関連する論点は、資産の経済的耐用年数の評価であり、資産が「座礁」する又は低炭素の代替品に置き換えられると見込まれる場合、資産の経済的耐用年数が短縮される(その結果、年間の減価償却費又は償却費が増加する)と見込まれる可能性がある。しかし、資産を置き換えるプログラムは、必ずしも予想耐用年数を低下させるとは限らず(例えば、ディーゼル車が通常の使用をやめる日にのみ電気自動車に交換される予定の場合)、耐用年数が短くなることにより残存価額が高くなる可能性がある。さらに、耐用年数の変更による影響は、将来に向かってのみ会計処理される(その結果、当期の単一の減損損失ではなく、将来の多くの期間にわたり減価償却費が高くなる)。

この情報のギャップを埋めるにはどうすればよいか。

前述のように、気候に関する予想の変化が減損損失(又は減価償却費の増加)につながらない理由が存在するかもしれないが、これは事実であると想定してはならない。減損評価で使用される仮定は、慎重に検討しなければならない。例えば、以下が含まれる。

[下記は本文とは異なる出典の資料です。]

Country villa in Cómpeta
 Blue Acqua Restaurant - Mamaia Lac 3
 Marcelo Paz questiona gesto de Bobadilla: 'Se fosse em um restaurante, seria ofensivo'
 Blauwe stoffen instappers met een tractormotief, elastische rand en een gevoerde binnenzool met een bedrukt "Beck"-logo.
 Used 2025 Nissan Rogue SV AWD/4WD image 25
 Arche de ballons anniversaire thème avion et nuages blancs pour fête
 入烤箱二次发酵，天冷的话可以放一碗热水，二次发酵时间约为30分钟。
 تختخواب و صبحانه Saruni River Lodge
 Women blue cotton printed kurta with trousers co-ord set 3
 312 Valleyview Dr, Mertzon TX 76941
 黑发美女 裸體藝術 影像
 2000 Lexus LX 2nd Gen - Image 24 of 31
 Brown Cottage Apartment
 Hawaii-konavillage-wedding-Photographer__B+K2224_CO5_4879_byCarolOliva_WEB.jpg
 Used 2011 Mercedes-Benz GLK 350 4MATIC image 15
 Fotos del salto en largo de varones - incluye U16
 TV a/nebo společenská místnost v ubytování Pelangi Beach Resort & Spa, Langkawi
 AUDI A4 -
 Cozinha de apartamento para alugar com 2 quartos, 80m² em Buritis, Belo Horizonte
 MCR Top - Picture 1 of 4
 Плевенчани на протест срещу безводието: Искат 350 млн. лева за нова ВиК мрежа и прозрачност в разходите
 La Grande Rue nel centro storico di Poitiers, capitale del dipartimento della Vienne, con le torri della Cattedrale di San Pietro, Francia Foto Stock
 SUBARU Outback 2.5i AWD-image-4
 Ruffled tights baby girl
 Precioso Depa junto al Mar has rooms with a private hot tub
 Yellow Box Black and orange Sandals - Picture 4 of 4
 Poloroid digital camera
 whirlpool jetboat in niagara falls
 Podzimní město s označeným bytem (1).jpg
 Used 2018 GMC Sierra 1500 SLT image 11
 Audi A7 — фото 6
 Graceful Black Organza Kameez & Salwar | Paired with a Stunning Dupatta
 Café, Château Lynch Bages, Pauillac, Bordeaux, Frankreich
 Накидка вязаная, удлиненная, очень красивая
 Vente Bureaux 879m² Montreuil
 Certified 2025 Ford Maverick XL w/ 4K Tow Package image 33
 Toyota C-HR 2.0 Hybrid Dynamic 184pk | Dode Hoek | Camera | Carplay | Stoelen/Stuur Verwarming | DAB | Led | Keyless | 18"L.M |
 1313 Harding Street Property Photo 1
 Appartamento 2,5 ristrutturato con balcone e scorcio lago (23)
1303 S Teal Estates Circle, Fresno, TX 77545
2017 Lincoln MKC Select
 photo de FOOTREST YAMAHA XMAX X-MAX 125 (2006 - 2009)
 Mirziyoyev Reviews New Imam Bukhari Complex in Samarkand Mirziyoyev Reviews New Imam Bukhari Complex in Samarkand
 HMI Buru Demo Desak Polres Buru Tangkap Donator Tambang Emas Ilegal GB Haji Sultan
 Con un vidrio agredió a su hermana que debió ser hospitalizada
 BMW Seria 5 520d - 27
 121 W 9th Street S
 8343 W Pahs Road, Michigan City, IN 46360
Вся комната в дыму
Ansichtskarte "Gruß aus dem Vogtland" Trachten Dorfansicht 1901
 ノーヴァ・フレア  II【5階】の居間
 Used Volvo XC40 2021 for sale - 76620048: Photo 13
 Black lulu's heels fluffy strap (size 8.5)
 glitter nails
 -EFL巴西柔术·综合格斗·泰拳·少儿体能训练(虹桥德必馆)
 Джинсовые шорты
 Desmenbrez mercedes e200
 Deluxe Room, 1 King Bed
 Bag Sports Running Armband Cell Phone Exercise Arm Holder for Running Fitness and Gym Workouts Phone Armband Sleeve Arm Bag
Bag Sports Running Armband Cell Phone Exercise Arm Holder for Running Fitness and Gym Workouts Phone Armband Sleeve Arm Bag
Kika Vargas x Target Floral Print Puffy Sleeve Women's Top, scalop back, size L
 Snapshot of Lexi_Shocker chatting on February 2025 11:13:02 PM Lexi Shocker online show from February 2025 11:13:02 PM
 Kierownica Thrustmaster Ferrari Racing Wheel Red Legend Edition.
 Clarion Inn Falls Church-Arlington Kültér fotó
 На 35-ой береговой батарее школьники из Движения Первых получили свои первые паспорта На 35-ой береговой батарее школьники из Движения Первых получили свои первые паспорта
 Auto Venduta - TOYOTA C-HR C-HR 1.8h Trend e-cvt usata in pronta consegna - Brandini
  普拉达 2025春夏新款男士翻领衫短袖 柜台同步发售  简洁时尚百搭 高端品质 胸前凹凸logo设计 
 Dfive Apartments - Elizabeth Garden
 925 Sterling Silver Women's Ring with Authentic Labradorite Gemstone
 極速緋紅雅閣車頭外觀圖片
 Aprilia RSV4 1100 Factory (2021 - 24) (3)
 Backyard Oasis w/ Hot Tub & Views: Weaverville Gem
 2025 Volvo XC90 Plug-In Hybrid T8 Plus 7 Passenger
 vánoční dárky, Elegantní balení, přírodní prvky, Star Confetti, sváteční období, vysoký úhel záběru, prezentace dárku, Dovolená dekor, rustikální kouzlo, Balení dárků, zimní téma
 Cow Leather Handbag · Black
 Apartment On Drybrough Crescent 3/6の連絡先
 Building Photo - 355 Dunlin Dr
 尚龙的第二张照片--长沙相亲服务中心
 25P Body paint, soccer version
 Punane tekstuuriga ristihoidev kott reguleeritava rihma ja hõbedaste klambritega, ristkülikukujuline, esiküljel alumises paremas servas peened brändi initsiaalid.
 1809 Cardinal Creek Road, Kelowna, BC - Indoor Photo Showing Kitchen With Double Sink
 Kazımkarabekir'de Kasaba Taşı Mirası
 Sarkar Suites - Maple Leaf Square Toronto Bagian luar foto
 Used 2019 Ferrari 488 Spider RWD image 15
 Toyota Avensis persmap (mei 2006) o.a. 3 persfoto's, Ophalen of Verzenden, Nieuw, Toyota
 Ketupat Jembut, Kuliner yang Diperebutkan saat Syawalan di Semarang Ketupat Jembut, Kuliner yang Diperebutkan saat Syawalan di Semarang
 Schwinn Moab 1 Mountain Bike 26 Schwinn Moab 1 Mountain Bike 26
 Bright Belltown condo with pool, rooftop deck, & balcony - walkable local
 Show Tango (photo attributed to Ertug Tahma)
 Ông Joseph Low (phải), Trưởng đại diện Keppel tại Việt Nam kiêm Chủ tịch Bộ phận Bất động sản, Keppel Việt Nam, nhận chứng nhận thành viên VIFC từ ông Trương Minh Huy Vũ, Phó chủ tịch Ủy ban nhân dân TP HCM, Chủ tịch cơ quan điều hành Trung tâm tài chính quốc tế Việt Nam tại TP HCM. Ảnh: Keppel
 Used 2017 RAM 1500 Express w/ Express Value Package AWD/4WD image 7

  • 詳細な予測期間を超えたキャッシュ・フローの直線的な成長の期待は、実際に企業の長期予測と一致しているか、それとも将来のある時点での減少は企業の期待をより代表しているか?
  • コスト予測には、例えば、政府賦課金の導入、カーボン・オフセットの取得、又は企業のネット・ゼロ・コミットメントと整合する削減コストの発生から生じるコストの増加が適切に組み込まれているか?
  • 回収可能価額が公正価値ベースで測定される場合、割引キャッシュ・フロー計算又は比較可能な取引分析で使用される仮定は、検討対象の資産に対する市場参加者の見解と整合しているか?例えば、炭素集約型施設は、より効率的な代替施設と同じくらい望ましいのか?

繰り返しになるが、使用された仮定及びその仮定の根拠の明確な開示は、意味のある感応度分析とともに、情報ギャップを埋める効果的な手段である。
 

財務諸表と脱炭素化へのコミットメントとの整合性

財務諸表は、「カーボンニュートラル」の事業に対する表明された方針及びコミットメントと整合していなければならない。

 

この批判は、多くの場合、特定の日までに「カーボンニュートラル」になるという企業の計画の説明的な議論と、このコミットメントの影響を受けていないように見える財務諸表との間の認識されたミスマッチ又は不整合に基づいている(例えば、炭素集約型資産は引き続き減損していないため、脱炭素化のコストに対して負債が認識されない、又は「カーボン・オフセット」スキームに対して負債が認識されない)。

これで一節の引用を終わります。